A full optimization procedure was carried out to determine the equilibrium geometry. All structures were optimized by the use of analytical energy gradients with respect to atomic coordinates and unit cell parameters. Convergence was checked on gradient components and nuclear displacements with tolerances on their root mean square set to 0.0001 and 0.0009 a.u., respectively. The level of accuracy of the calculation of Coulomb and the exchange series is controlled by five parameters. The 8, 8, 8, 8, and 14 parameters were chosen for the Coulomb overlap, Coulomb penetration, exchange overlap, first exchange pseudo-overlap, and second exchange pseudo-overlap, respectively. The shrinking (Monkhorst-Pack and Gilat)37 was set up to 6, which corresponds to 40 independent k-points in the irreducible part of the Brillouin zone integration.

Mulliken population analysis was used. This choice was based on the simplicity, frequent application in theoretical calculations of similar systems, and convenient interpretation of the results on the light of chemical intuition. The XCrysDen program was used to draw the draft of the band structure, density of states (DOS) graphics, and maps of charge density distribution.38

Since the choice of the optimal basis set is difficult for such crystalline materials, several of them have been tested to simulate the material. Two all-electron basis sets have been tried for oxygen: a 6-31G* basis set optimized by Gatti et al.39 and the Triple Zetta Plus Polarization (TZVP) reported by Peintinger et al.40 In turn Pb was described for an effective core pseudopotential DB31G* (where DB stands for Durand-Barthelat's large effective core potential),41 the HAYWLC-211(1d)G,42 and the ECP60MDF-6111(51d)G.43 Pb was treated in the framework of core pseudopotential approximation, because its number of electrons makes the simulations very expensive. The lattice parameters reported by Scanlon et al.4 were fitted to decide on the better computational conditions for the simulations. To the best of our knowledge these are the only experimental properties that have been published for the material. Even the value of the band gap, which would be extremely useful to judge about the quality of results, is unknown. The analysis of the results permits to conclude that the B3LYP-D functional with oxygen 6-31G* and the DB31G* pseudopotential for lead were the computational conditions which provided the best agreement between the theoretical and experimental crystalline structure and were used for calculation of the reported results. Just to give an idea of the divergence, results obtained for α-PbO2 with B3LYP and HSE06 functionals using those basis set are shown in the Table 1.

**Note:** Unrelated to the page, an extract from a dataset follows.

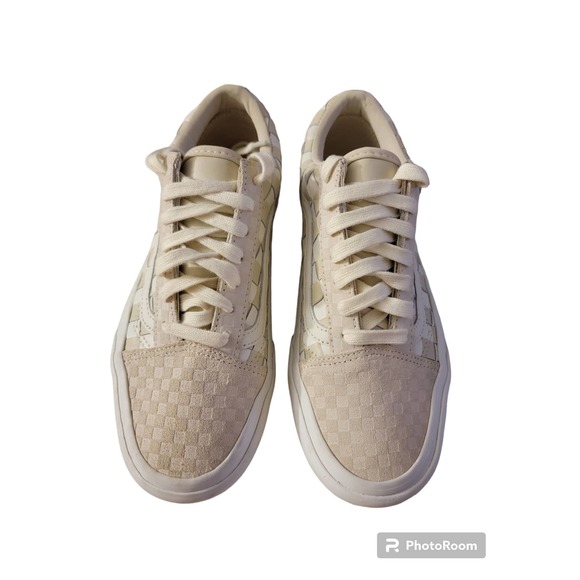Vans Woven Old Skool Leather Blanc de Blanc Platform shoe - Picture 1 of 9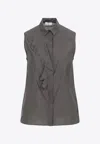 Peserico Silk Cotton Top Collared Neck Ruffle Sleeveless In Gray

Table 1 Experimental4 and calculated (oxygen 6-31G* and lead DB31G*) equilibrium lattice parameters and density for α-PbO2. Percentage deviation (%) in parenthesis. 

a (Å) b (Å) c (Å) d(g.cm-3)
Experimental 5.001 5.931 5.443 9.820
B3LYP 5.100(2.00) 5.931(0.00) 5.393(0.92) 9.939(1.21)
HSE06 5.224(4.48) 5.517(6.98) 5.259(3.38) 10.624(8.19)

3. Results and Discussion

The experimental lattice parameters for α-PbO2, have been recently obtained using neutron diffraction at ISIS Spallation Neutron Source - Rutherford-Appleton Laboratory (UK),4 facility which has also been used for us to investigate the structure of other systems.44-47 Table 1 shows the set of cell parameters of experimental and calculated results obtained for the oxide.

As it can be noticed from the Table, the parameters calculated with B3LYP-D functional show a better agreement with the experimental data available than the results obtained with HSE06 one, which determined the choose of the first functional to perform the simulations. This functional has been very successful in describing electronic and structural properties of several oxides and other materials.34,48-50 It deserves to point out that calculations without considering long range weak interactions give cell parameters in better agreement with the experimental ones (calculations were performed using the same input script excepting the GRIMME calculation routine). However, it was opted for keeping this routine in the simulations since describing better the interactions between the atoms must reflect in a better quality of the calculated electronic properties (also the comparison with HSE06 functional is more appropriated, since this functional considers long range weak interactions in its formalism).

The band structure of α-PbO2 obtained from the calculations is shown in Figure 2. Both the top of valence band and the bottom of the conduction band are situated on the same Г point, resulting in a direct band gap of 0.90 eV. It is worth remembering that pure density functionals like GGA and LDA usually underestimate band gaps, while hybrid functionals, as the B3LYP used in this work, usually provide a good agreement with experimental values.34,48-50 However, calculations performed in parallel for β-PbO2 using both B3LYP and HSE06 functionals gave a band gap value of 0.21 eV, while the experimental value is 0.61 eV.4 Thus, both the functionals tried for us underestimated the β-PbO2 band gap for about 66% respecting to the experimental value. Taking into account this result it can be considered that the α-PbO2 band gap is at least 0.90 eV. In other words, can be inferred that the α-PbO2 is less metallic than β-PbO2, which is a sufficient reason to suppose that α-PbO2 would be a better candidate for TCO than β-PbO2. Interestingly, it has been reported that β-PbO2 (plattnerite) is black and opaque, while α-PbO2 (scrutinyite) is brown and somewhat transparent.51

Figure 2 Band structure of α-PbO2, with the energy scale set so that the Fermi level corresponds to 0.0 eV. (left and right graphics differ in the plotted energy range). 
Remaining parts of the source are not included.